USSF Creates New Component for SPACECOM (Image Credit: airandspaceforces)
ORLANDO, Fla.—The name—U.S. Space Forces – Space—may seem a little redundant, but the newest Space Force component will have an outsized role in how the Space Force coordinates with U.S. Space Command.
Chief of Space Operations Gen. B. Chance Saltzman revealed the new command Dec. 12 at a conference in Orlando, Fla.
Space Forces – Space, or S4S, will be similar to the components the service has established to ensure space capabilities are understood and integrated into other combatant commands, including U.S. Indo-Pacific Command, U.S. European Command, and U.S. Central Command. Functionally, it takes on one of the roles that has been played by the much larger Space Operations Command (SpOC), which has been serving as both USSF’s “organize, train, and equip” mission and the Space component for U.S. Space Command—presenting the forces it utilizes in conducing operations in the domain.
The new component “will allow SpOC to focus on readiness and other service responsibilities, while Space Forces – Space will focus on operations and the needs of SPACECOM,” Chief of Space Operations Gen. B. Chance Saltzman said in a keynote address at the Spacepower Conference.
The odd-sounding name follows the convention established for other components like U.S. Space Forces Indo-Pacific, U.S. Space Forces Central, and U.S. Space Forces Europe and Africa. It was as those components were established that leadership decided on the need to separate out Space Operations Command’s responsibilities, said Lt. Gen. Douglas A. Schiess, the new commander of Space Forces – Space.
Specifically, SpOC will now “focus on preparing Deltas to be force-presented, mostly to U.S. Space Forces – Space, but could be, especially from a terrestrial perspective … force presented to one of the other combatant or service components,” Schiess said.

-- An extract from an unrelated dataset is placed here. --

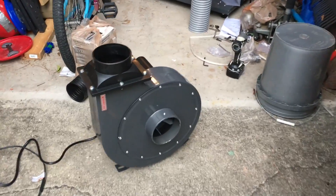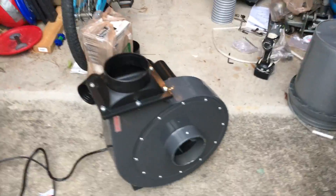Here's the Harbor Freight 2 horsepower dust collector, dremeled off the guard.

Schiess compared the switch to the Air Force’s major command structure.
“Air Combat Command gets forces ready to be presented to [Pacific Air Forces] or [U.S. Air Forces in Europe] or [Air Forces Central],” Schiess noted. “SpOC is going to get the forces prepared to be able to force-present them to any of us.”
Space Forces – Space is also meant to streamline and simplify the often-confusing web of organizations under SPACECOM. The Combined Force Space Component Command (CFSCC) and the Joint Task Force Space Defense (JTF-SD) are deactivating, and the Space Force Deltas that supported them—Delta 5 and Delta 15—will move into Space Forces – Space.

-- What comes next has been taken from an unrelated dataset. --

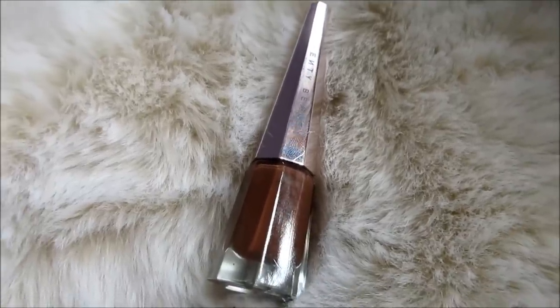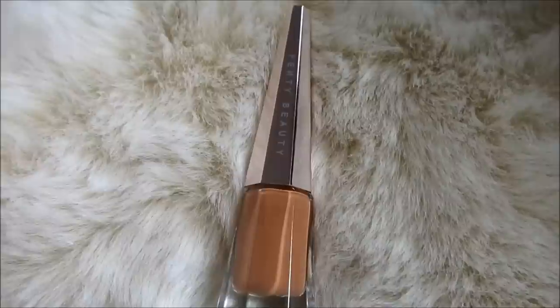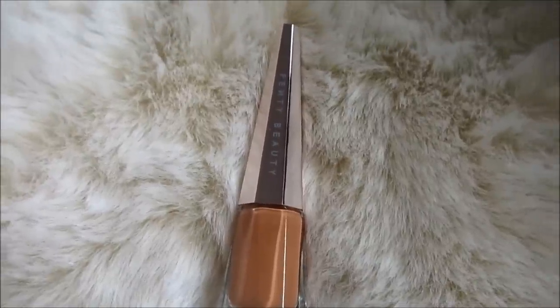I have three of the shades: Unveiled, which is a chocolate brown; Uncuffed, which is like a mauvey rosy color; and Unbuttoned, which is a pale, nudish color. The fourth shade is called Uninvited — it's a black that just came out. I didn't buy it because I didn't think I'd get any wear out of it, but if you generally wear black lipstick a lot, I would definitely check it out.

A simpler structure will also help the other components, said Brig. Gen. Anthony J. Mastalir, commander of Space Forces Indo-Pacific.
“It really is [about] being able to integrate at the operational level, and integrate component to component,” Mastalir said. “My S3 or S5 knows exactly who their counterpart is in Space Forces – Space, the organization supporting U.S. Space Command. … So this construct really is a force multiplier in terms of being able to integrate and synchronize with the other domains.”
U.S. Space Forces – Space will be officially activated at a ceremony in January.